Kendilerine öğüt verildiğinde ise öğüt dinlemezler.
Kendilerine öğüt verildiği zaman öğüt almıyorlar.
Kendilerine (Kur'an ile) va'z edilince düşünüb de öğüt kabul etmezler,
Onlara öğüt verildiği vakit düşünüp öğüt almazlar.
وَإِذَا رَأَوۡاْ ءَايَةٗ يَسۡتَسۡخِرُونَ ١٤
Bir mucize gördükleri vakit de eğlence yerine tutuyorlar.
Bir ayet gördüklerinde, onu eğlenceye alırlar.
Bir mucize gördükleri zaman onu alaya alıyorlar.
Bir mu'cize gördükleri vakit (onu) eğlenceye tutarlar.
Bir mucize görseler onunla alay ederler.
وَقَالُوٓاْ إِنۡ هَٰذَآ إِلَّا سِحۡرٞ مُّبِينٌ ١٥
Ve, bu, diyorlar başka bir şey değil, apaçık bir sihir.

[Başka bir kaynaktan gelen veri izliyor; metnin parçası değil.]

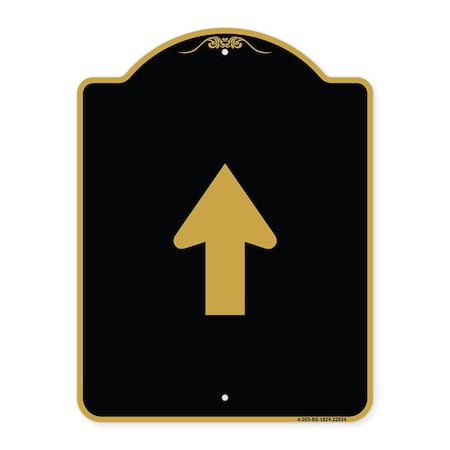Signmission Straight Thru Sign-Straight Thru Sign, Black & Gold Aluminum Sign, 18" x 24", BG-1824-22834 A-DES-BG-1824-22834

Ve derler ki: Bu, ancak apaçık bir büyüdür.
(Dediler ki:) “Bu bir büyüden başka bir şey değildir.”
(Nitekim) «Bu, dediler, apaçık bir sihirden başkası değildir».
«Bu apaçık büyüdür» derler.
أَءِذَا مِتۡنَا وَكُنَّا تُرَابٗا وَعِظَٰمًا أَءِنَّا لَمَبۡعُوثُونَ ١٦
Öldüğümüz ve bir toprakla bir yığın kemik olduğumuz vakit mı? biz mi ba'solunacakmışız?
Öldüğümüzde, toprak ve kemik olduğumuzda mı, biz mi, diriltileceğiz?
“Gerçekten biz, ölüp bir toprak ve kemik yığını hâline geldikten sonra mı, biz mi tekrar diriltileceğiz?”
«Biz olub de bir toprak ve bir yığın kemik olduğumuz vakit mı, saahiden biz mi mutlakaa diriltilmiş olacağız»?.
Yani biz öldüğümüz, toprak ve kemik olduğumuz zaman mı dirilecekmişiz?
أَوَءَابَآؤُنَا ٱلۡأَوَّلُونَ ١٧
Evvelki atalarımız da mı?
Veya önceki babalarımız mı?
“Önceden gelip geçmiş atalarımız da mı?”
«Evvelki atalarımız da mı?»
Bizden önceki atalarımızda mı dirilecek?
قُلۡ نَعَمۡ وَأَنتُمۡ دَٰخِرُونَ ١٨
De ki: evet, hem siz çok hor, hakîr olarak.
De ki: Evet, hem de hor ve hakir olarak.
De ki: “Evet, hem de siz aşağılanmış kimseler olarak (diriltileceksiniz).”
Sen de ki: «Evet (diriltileceksiniz). Hem siz (hepiniz) hor ve hakıyr olarak».
De ki; «Evet, hem de hor ve hakir olarak dirileceksiniz.»
فَإِنَّمَا هِيَ زَجۡرَةٞ وَٰحِدَةٞ فَإِذَا هُمۡ يَنظُرُونَ ١٩
Çünkü o bir zorlu kumandadan ibarettir derhal gözleri açılıverir.
O, sadece bir tek çığlıktır ki onların birden bire gözleri açılıverecektir.
O ancak şiddetli bir sesten ibarettir. Bir de bakarsın ki onlar (diriltilmiş hazır) beklemektedirler.
İşte o, ancak birtek sayhadan ibâretdir ki onların birden bire gözleri açılıverecekdir.
O dirilme sahnesi korkunç bir çığlıktan ibarettir. Hemen o anda gözlerini birdenbire açıp etrafa bakacaklar.
وَقَالُواْ يَٰوَيۡلَنَا هَٰذَا يَوۡمُ ٱلدِّينِ ٢٠
Eyvah bizlere derler bu o din günü.
Ve dediler ki: Vay bize, bu; din günüdür.
Şöyle diyecekler: “Vay başımıza gelene! Bu beklenen ceza günüdür.”
«Eyvah bize, derler, bu, ceza ve hesâb günüdür».
«Vah bize, bu ceza günüdür» derler.
هَٰذَا يَوۡمُ ٱلۡفَصۡلِ ٱلَّذِي كُنتُم بِهِۦ تُكَذِّبُونَ ٢١
Bu işte o sizin yalan dediğiniz fasıl günü.
Bu, ayırdetme günüdür ki siz, onu yalanlamıştınız.
Onlara, “İşte bu, yalanlamakta olduğunuz hüküm ve ayırım günüdür” denilir.
(Evet), bu, sizin tekzib eder olduğunuz ayırdetme günüdür.
Onlara «İşte bu yalanladığınız hüküm günüdür» denir.